Data extracted from a collection
*** Begin section ***

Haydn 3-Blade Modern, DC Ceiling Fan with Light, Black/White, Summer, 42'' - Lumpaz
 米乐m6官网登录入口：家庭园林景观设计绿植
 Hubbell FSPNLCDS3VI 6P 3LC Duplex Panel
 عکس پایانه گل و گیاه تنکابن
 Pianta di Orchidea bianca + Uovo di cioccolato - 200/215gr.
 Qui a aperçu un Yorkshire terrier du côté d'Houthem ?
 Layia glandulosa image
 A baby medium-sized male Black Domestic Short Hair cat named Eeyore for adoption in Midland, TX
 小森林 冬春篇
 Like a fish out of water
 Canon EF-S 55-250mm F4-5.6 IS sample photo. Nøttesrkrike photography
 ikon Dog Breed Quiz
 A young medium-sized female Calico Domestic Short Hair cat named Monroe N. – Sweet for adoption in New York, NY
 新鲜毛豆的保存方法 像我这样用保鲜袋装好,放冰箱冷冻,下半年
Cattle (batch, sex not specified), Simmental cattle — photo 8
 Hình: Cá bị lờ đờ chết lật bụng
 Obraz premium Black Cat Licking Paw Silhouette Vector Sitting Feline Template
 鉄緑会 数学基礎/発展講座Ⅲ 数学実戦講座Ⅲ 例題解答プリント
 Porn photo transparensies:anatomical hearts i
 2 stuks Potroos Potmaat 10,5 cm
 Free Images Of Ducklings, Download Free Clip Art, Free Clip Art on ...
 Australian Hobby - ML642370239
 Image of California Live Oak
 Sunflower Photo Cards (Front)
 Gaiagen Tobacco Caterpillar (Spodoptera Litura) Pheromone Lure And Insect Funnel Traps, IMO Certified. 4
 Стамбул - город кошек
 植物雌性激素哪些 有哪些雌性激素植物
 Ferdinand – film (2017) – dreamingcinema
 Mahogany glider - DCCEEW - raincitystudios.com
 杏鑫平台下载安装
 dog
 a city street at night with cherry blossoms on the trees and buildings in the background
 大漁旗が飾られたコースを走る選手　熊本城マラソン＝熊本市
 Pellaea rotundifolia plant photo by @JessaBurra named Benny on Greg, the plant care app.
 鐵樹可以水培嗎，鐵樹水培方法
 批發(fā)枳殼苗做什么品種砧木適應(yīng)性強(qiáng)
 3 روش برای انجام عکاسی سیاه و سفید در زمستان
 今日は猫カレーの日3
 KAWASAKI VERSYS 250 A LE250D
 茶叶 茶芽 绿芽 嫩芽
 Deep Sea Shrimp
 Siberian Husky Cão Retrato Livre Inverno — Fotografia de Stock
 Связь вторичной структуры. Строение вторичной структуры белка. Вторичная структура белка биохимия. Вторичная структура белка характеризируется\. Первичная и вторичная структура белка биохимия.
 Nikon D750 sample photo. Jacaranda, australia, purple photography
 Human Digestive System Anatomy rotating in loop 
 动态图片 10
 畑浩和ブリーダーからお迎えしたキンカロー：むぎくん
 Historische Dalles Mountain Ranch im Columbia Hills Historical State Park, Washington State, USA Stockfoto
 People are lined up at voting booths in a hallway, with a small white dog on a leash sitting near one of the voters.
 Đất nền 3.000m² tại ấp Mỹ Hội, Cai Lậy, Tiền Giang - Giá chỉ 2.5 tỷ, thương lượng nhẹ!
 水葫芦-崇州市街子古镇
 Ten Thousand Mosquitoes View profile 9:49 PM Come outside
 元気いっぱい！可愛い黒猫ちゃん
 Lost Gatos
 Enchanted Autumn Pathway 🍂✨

*** End section ***

#### TO DO
Retype the data in full, and keep every line identical to the original.

#### YOUR RESPONSE
Haydn 3-Blade Modern, DC Ceiling Fan with Light, Black/White, Summer, 42'' - Lumpaz
 米乐m6官网登录入口：家庭园林景观设计绿植
 Hubbell FSPNLCDS3VI 6P 3LC Duplex Panel
 عکس پایانه گل و گیاه تنکابن
 Pianta di Orchidea bianca + Uovo di cioccolato - 200/215gr.
 Qui a aperçu un Yorkshire terrier du côté d'Houthem ?
 Layia glandulosa image
 A baby medium-sized male Black Domestic Short Hair cat named Eeyore for adoption in Midland, TX
 小森林 冬春篇
 Like a fish out of water
 Canon EF-S 55-250mm F4-5.6 IS sample photo. Nøttesrkrike photography
 ikon Dog Breed Quiz
 A young medium-sized female Calico Domestic Short Hair cat named Monroe N. – Sweet for adoption in New York, NY
 新鲜毛豆的保存方法 像我这样用保鲜袋装好,放冰箱冷冻,下半年
Cattle (batch, sex not specified), Simmental cattle — photo 8
 Hình: Cá bị lờ đờ chết lật bụng
 Obraz premium Black Cat Licking Paw Silhouette Vector Sitting Feline Template
 鉄緑会 数学基礎/発展講座Ⅲ 数学実戦講座Ⅲ 例題解答プリント
 Porn photo transparensies:anatomical hearts i
 2 stuks Potroos Potmaat 10,5 cm
 Free Images Of Ducklings, Download Free Clip Art, Free Clip Art on ...
 Australian Hobby - ML642370239
 Image of California Live Oak
 Sunflower Photo Cards (Front)
 Gaiagen Tobacco Caterpillar (Spodoptera Litura) Pheromone Lure And Insect Funnel Traps, IMO Certified. 4
 Стамбул - город кошек
 植物雌性激素哪些 有哪些雌性激素植物
 Ferdinand – film (2017) – dreamingcinema
 Mahogany glider - DCCEEW - raincitystudios.com
 杏鑫平台下载安装
 dog
 a city street at night with cherry blossoms on the trees and buildings in the background
 大漁旗が飾られたコースを走る選手　熊本城マラソン＝熊本市
 Pellaea rotundifolia plant photo by @JessaBurra named Benny on Greg, the plant care app.
 鐵樹可以水培嗎，鐵樹水培方法
 批發(fā)枳殼苗做什么品種砧木適應(yīng)性強(qiáng)
 3 روش برای انجام عکاسی سیاه و سفید در زمستان
 今日は猫カレーの日3
 KAWASAKI VERSYS 250 A LE250D
 茶叶 茶芽 绿芽 嫩芽
 Deep Sea Shrimp
 Siberian Husky Cão Retrato Livre Inverno — Fotografia de Stock
 Связь вторичной структуры. Строение вторичной структуры белка. Вторичная структура белка биохимия. Вторичная структура белка характеризируется\. Первичная и вторичная структура белка биохимия.
 Nikon D750 sample photo. Jacaranda, australia, purple photography
 Human Digestive System Anatomy rotating in loop 
 动态图片 10
 畑浩和ブリーダーからお迎えしたキンカロー：むぎくん
 Historische Dalles Mountain Ranch im Columbia Hills Historical State Park, Washington State, USA Stockfoto
 People are lined up at voting booths in a hallway, with a small white dog on a leash sitting near one of the voters.
 Đất nền 3.000m² tại ấp Mỹ Hội, Cai Lậy, Tiền Giang - Giá chỉ 2.5 tỷ, thương lượng nhẹ!
 水葫芦-崇州市街子古镇
 Ten Thousand Mosquitoes View profile 9:49 PM Come outside
 元気いっぱい！可愛い黒猫ちゃん
 Lost Gatos
 Enchanted Autumn Pathway 🍂✨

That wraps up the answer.